Quan Jew Louie (J38242) was born in Vancouver, B.C. in 1921 and was a member of the influential HY Louie family of Vancouver.
Louie attended the University of British Columbia and was an outstanding student as well as an all-round athlete.
Louie enlisted in the RCAF in November, 1942. For some reason, the Air Force recorded his middle name as “Jil” on all his records, whereas his actual middle name was “Jew”.
While in basic training at the No. 3 Manning Depot in Edmonton, Alberta, he met three other Chinese Canadian airmen: Douglas Sam, Arthur Jung (who would go on to become a pilot) and Fred Bing (who would be a Wireless Air Gunner). Louie and Sam indulged in a farewell dinner together before being assigned to separate depots.

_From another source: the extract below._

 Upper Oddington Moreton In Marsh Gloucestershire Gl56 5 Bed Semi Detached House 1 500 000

Louie went to the initial flight training school, and then on to Bombing and Gunnery school. He wanted to be a pilot, but his records indicate that although very bright and athletic, he became too tense when flying a plane at low altitude. So Louie was re-mustered to bomb aimer.

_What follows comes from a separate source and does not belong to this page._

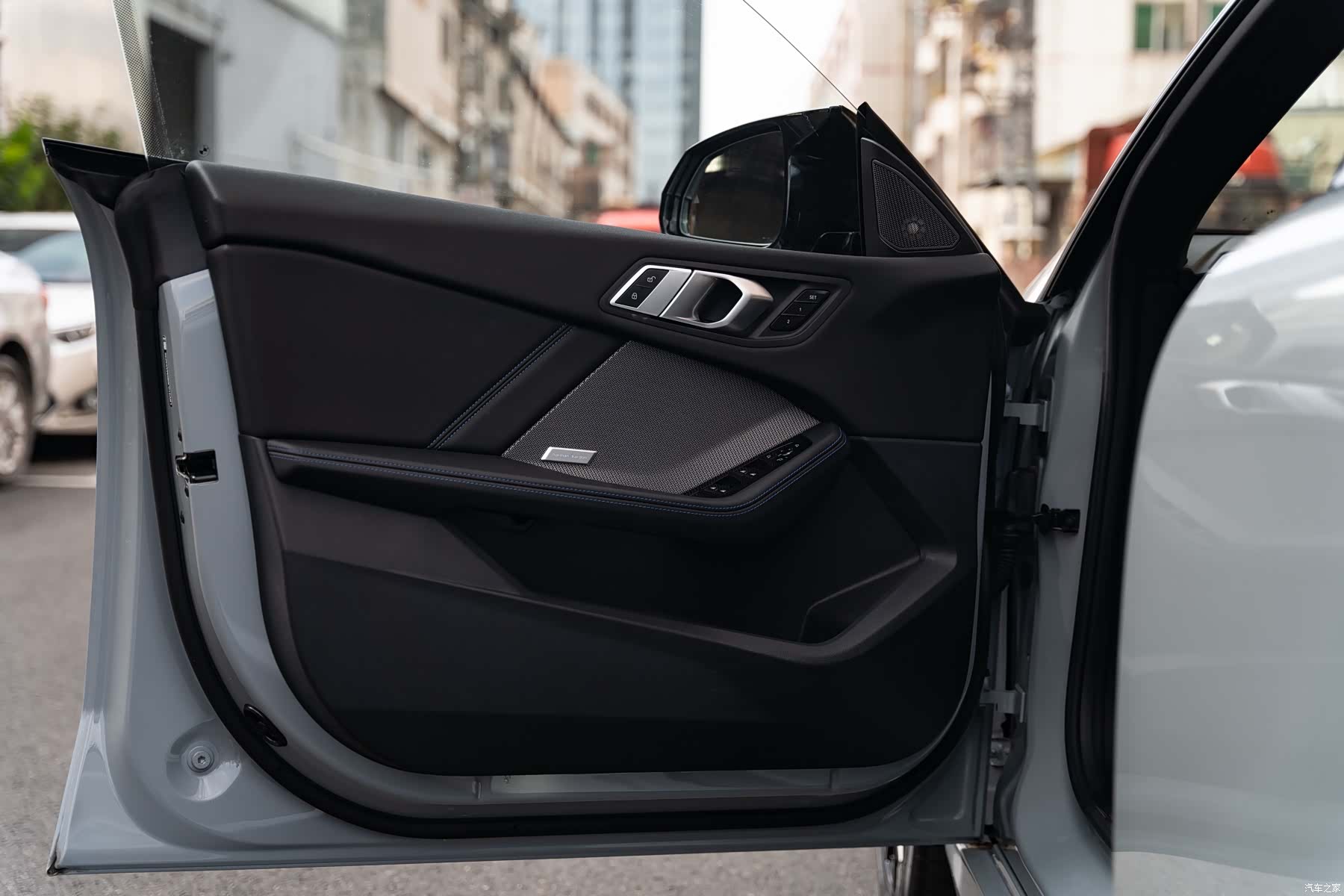 BMW M2, 2025 8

Later Louie went to the No.7 Air Observer School at Portage La Prairie in Manitoba. On November 12 1943, he graduated as a commissioned Pilot Officer, earning his Bomb-Aimer’s Wings. He was assigned to England and left Halifax, Nova Scotia March 5, 1944, on the Troopship Andes, arriving in Liverpool on March 14. His training continued at the No. 7 Advanced Flying Training Unit at Bishops Court, County Down, and the No. 2 Operational Training Unit in Wellesbourne.
Pilot Officer Louie was promoted to Flying Officer after finishing his conversion training from two to four-engine Halifax III at Dishforth, Yorks, in the period of August 9 to September 12. He was then posted to No. 6 Group RCAF Bomber Command, No. 420 (Snowy Owl) Squadron at Tholthorpe. Louie flew almost 30 missions over Europe.
In early January 1945, the Allies launched intensive bombing raids over Germany. On a raid that took place on January 16/17, Louie’s Halifax bomber was hit by enemy flak and caught fire over Madgeburg, Germany. An eyewitness to the carnage, a German farmer, later described the plane as out of control and a ball of fire before it crashed in a field.
Fortunately, two crew members who were both Canadian — Flight Sergeants Doug Jacobi and Ted Lynch — survived the harrowing experience. They were situated near the middle and back of the plane and managed to bail out of the burning Halifax with their parachutes. Both spent the remainder of the war in a German POW camp.
Louie, as the bomb aimer, would have sat right over the front escape hatch. In some ways, he should have had the best chance to survive. But after the war, interviews with Jacobi and Lynch suggested that after the plane was hit, the front hatch jammed and that’s why no one at the front of the plane was able to escape.
Those killed were:
Bill Watson (RCAF Pilot);
W.J. Partridge (RCAF Wireless Operator);
A.K. Parker (RAF Engineer);
C.W. Way (RAF Navigator); and, of course,
Quon J. Louie (RCAF Bomb Aimer).
Louie was only 23 years old. He and his crew mates were buried in Collective Grave No. 5 in the Berlin 1939-1945 War Cemetery located in Charlottenberg, Germany.
His brother, Ernie Louie, who was stationed with Special Operations Force 136 in Japanese-occupied Malay, did survive the war and returned home to Vancouver.